(TASK) Start at the first line below and write out everything verbatim except the pictures.

(DATA BLOCK)
▬▬▬▬▬▬▬▬▬▬
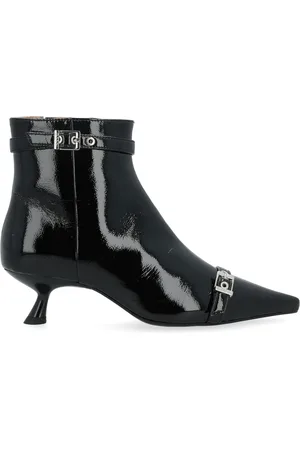 Ganni Buty, Kobieta, Czarny, 37 EU, Botki na obcasie typu kitten heel z oczkami Napla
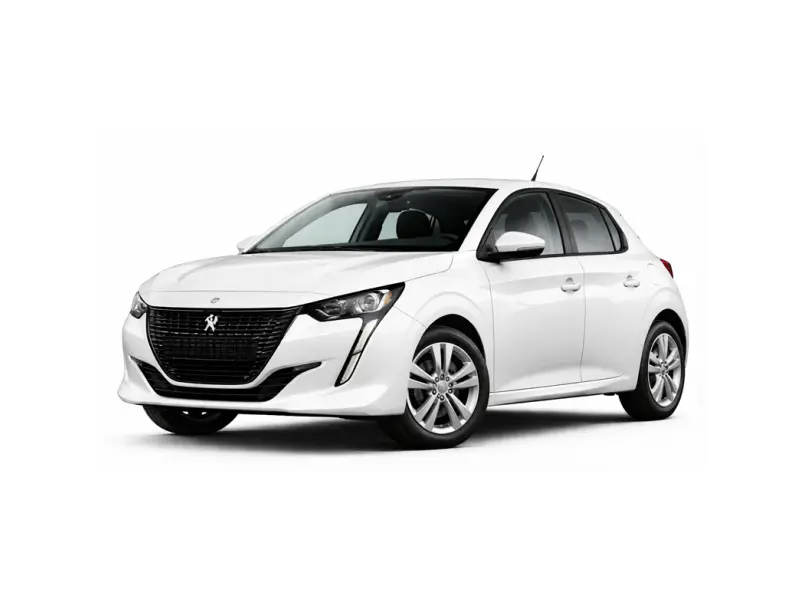 La voiture est une Peugeot 208 blanche. Elle est proposée à la location par la société Imperial Car Rental.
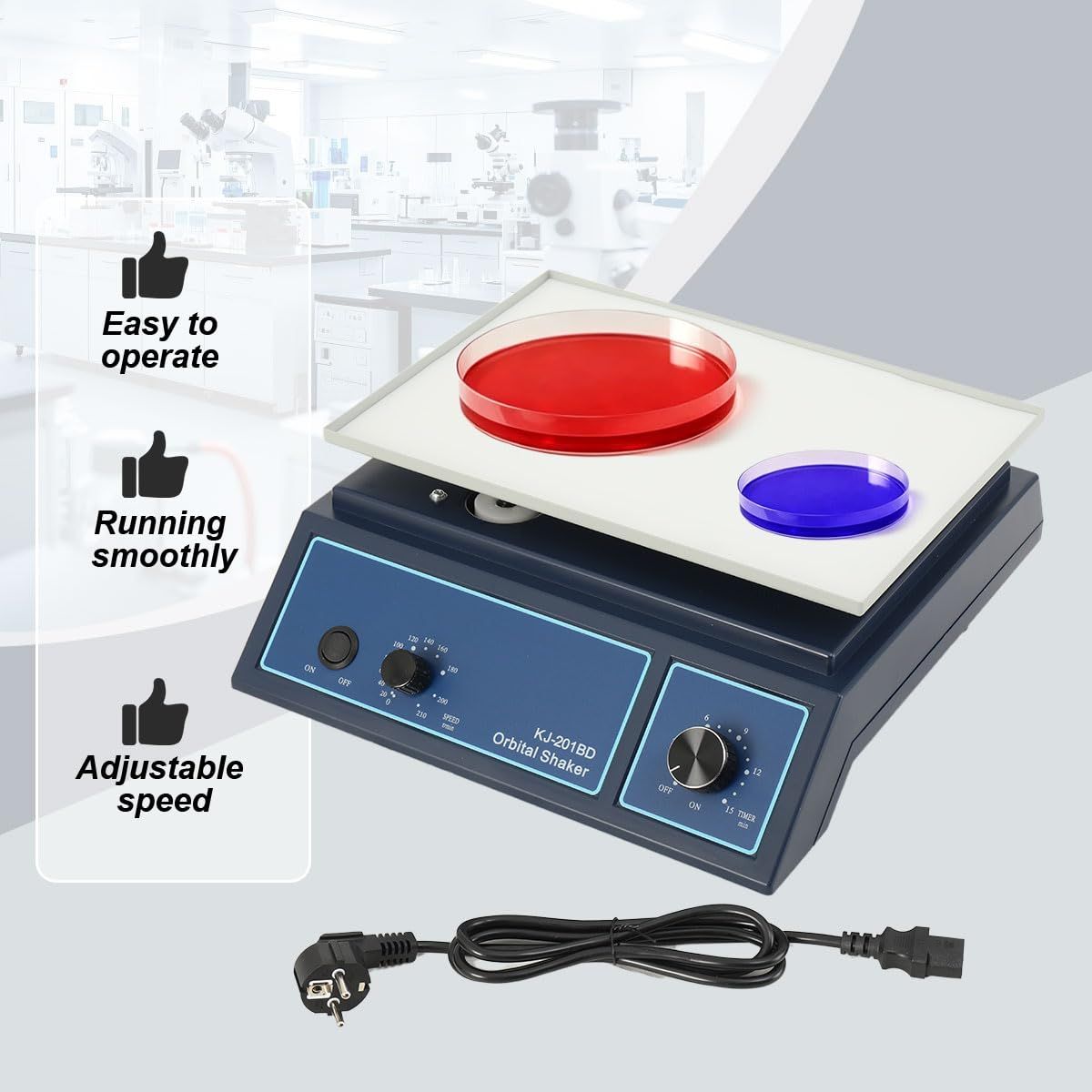 Laboratory Orbital Shaker 20 210 RPM Adjustable Speed Mixer with Timer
▬▬▬▬▬▬▬▬▬▬
(RESULT OF THE EXERCISE)
 Ganni Buty, Kobieta, Czarny, 37 EU, Botki na obcasie typu kitten heel z oczkami Napla
 La voiture est une Peugeot 208 blanche. Elle est proposée à la location par la société Imperial Car Rental.
 Laboratory Orbital Shaker 20 210 RPM Adjustable Speed Mixer with Timer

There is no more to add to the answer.